Midway in the film we hear stories of human scientific experiments predating the 1980s, which is when we are first introduced to the protagonist, Adelaide, as a young girl. We later learn from Adelaide’s adult doppelgänger, Red, that the offspring of these experiments have been abandoned in the vast system of tunnels hidden underground. They are free to roam, feed on raw rabbits, and breed, but their activities are tethered to their identical counterparts who live normal human lives on the surface. This explains why Red and her companions are known as The Tethered.

Family of doppelgängers
Credit: Universal Pictures

The rabbits, implied as test subjects in the movie, force us to confront science experiments intended for the ‘betterment’ of humankind and the abuse such procedures often inflict. The duality of progress, in other words.

But that is as far as the rabbit hole goes.

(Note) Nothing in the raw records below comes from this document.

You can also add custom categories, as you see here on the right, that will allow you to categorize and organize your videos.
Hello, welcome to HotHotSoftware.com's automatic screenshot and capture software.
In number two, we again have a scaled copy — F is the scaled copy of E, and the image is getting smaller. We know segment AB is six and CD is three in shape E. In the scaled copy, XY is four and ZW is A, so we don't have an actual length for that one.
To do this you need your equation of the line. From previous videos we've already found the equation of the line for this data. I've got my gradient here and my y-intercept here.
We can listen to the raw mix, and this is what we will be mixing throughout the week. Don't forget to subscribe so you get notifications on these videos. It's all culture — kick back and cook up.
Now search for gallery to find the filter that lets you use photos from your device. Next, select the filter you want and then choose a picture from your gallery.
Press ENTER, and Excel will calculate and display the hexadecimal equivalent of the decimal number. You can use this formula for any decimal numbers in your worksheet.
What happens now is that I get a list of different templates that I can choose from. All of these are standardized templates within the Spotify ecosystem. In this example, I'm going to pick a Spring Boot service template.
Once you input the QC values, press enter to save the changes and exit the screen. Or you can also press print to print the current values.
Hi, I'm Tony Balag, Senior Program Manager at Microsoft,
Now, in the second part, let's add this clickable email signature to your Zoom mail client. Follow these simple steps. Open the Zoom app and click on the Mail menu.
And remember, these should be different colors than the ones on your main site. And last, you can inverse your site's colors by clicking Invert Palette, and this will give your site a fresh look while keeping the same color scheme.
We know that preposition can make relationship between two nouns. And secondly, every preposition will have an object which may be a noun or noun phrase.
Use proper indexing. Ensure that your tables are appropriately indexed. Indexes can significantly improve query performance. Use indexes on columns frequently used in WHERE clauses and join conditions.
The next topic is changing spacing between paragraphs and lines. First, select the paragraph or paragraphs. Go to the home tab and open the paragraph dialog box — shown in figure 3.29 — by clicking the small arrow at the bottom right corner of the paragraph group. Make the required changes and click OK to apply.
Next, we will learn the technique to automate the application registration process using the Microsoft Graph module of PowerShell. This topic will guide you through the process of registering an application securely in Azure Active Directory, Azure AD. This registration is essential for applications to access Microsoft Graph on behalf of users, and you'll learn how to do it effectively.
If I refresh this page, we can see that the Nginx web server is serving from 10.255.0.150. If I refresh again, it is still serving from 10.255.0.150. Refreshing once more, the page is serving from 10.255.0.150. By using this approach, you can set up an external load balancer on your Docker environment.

This subterranean parallel world weaves a long trail of breadcrumbs that leaves us with an even longer string of unanswered questions. Who made The Tethered? Why were they made in the first place? Are they clones? How are they able to eat raw rabbits without getting horribly sick? How did they come to be abandoned? Why were they made to mirror the actions of their counterparts above ground or did they do this on their own? Do they exist across the globe or only in the US? What’s their final purpose? What will happen now that their ‘leader’ is dead?  

This is why I was not a shrieking mess while watching Us—I went in expecting to be cowed by the conventions of horror but ended up being fueled by the curiosity inherent in the conventions of science fiction.

The horror at the heart of Us is not my fear of Red and the doppelgängers, but it is my distress and dismay of not knowing the truth. This horror revolves around an intellectual desire to know, not an irrational compunction to erase its manifestation.

To my mind, this is the exact moment of friction between the horror and sci-fi genres because, being a hybrid of both, Us simultaneously gives us what horror genre convention demands (the killing of Red and the return to normalcy) but also withholds what sci-fi genre conventions presuppose (that scientific mystery will eventually be explained and understood).

Like Alice in Wonderland, we are left wandering in the land of white rabbits and March hares, grasping for meaning in a film that affords us no coherent, connective thread to a cohesive denouement. Us is a horror film with a sci-fi mystery at its core but no one to help us peel (pun intended!) away the layers of the puzzle.

Adelaide Wilson (Lupita Nyong'o)
Credit: Universal Pictures

In the end, when Adelaide kills Red, I was not relieved to know the menace had been expunged. Instead, I was angry because I had yet to discover the core mystery of the film. The final twist at the end of Us only exacerbated my perturbation.

Why make a horror film if only to deny me the twisted joys of terror? Why sprinkle science fictional elements without developing them further? Why make me think so hard when all I want is to feel the satisfaction of a resolution? Maybe this is Peele’s intention all along: to not resolve such problems for us, but rather, to have us solve them ourselves. Or not.

Peele reinvents the horror genre by denying us the one thing we need—catharsis—and compelling us to do the one thing we don’t want—self-reflect. When we are afraid, we never stop to question why because we are too busy running away from our fear. Peele wants us to face our fears, to look them in the eyes and to ask why they are there in the first place because, like it or not, we are tethered to our anxieties and neuroses. There is no killing the Adelaide in Us.

—–

References:

[1] Kawin, Bruce (1981). “The Mummy’s Pool” in Film Theory and Criticism, edited by Gerald Mast and Marshall Cohen.